Employee of the Laboratory of Soil Zoology and General Entomology of the Institute of Soil Ecology RAS Ph.D. Goncharov A.A. together with colleagues from Tyumen State University (Institute of X-BIO), Federal State Budgetary Institution "Rosselkhoztsentr", Marchuk Institute of Computational Mathematics RAS and Emperor Peter I Voronezh State Agrarian University developed a mathematical model to assess the impact of climate change on grain yields in the Tyumen region in the short term (2025 - 2030) and medium term (2045 - 2050).
The study was carried out on the basis of combined data for the period from 1990 to 2020 on the yield of five grain crops (barley, oats, spring and winter wheat, winter rye) in the Tyumen region (provided by the Federal State Budgetary Institution Rosselkhoztsentr), as well as key meteorological parameters obtained using the global model CMIP6, developed within the framework of the Intergovernmental Panel on Climate Change (Fig. 1).
It is shown that in general in the Tyumen region in the short and medium term there will be an increase in agricultural yields. However, this will not happen evenly across the parts of the region, which will lead to a redistribution of the increase in yield across regions (Fig. 2). Under the most likely scenario of climate change in the Tyumen region, a significant decrease in the yield of winter rye is predicted in the medium term (by 2050). For spring wheat and spring oats, the selection of cold-resistant, early-ripening varieties adapted for cultivation in the taiga agro-ecological zone is justified.

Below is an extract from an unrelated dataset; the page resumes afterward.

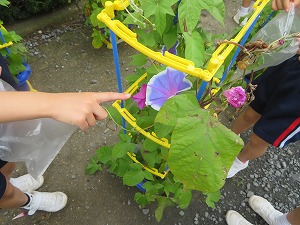 IMG_4591 IMG_4591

The study was carried out with the financial support of the Russian Science Foundation, project No. 22-76-10027.
The work was published in the journal Field Crops Research (SJR Q1, IF = 5.224).
Anton A. Goncharov, Taras A. Safonov, Alexander M. Malko, Gennady A. Bocharov, Sergey V. Goncharov (2023). Climate change expected to increase yield of spring cereals and reduce yield of winter cereals in the Western Siberian grain belt. Field Crops Research, 302: 109038.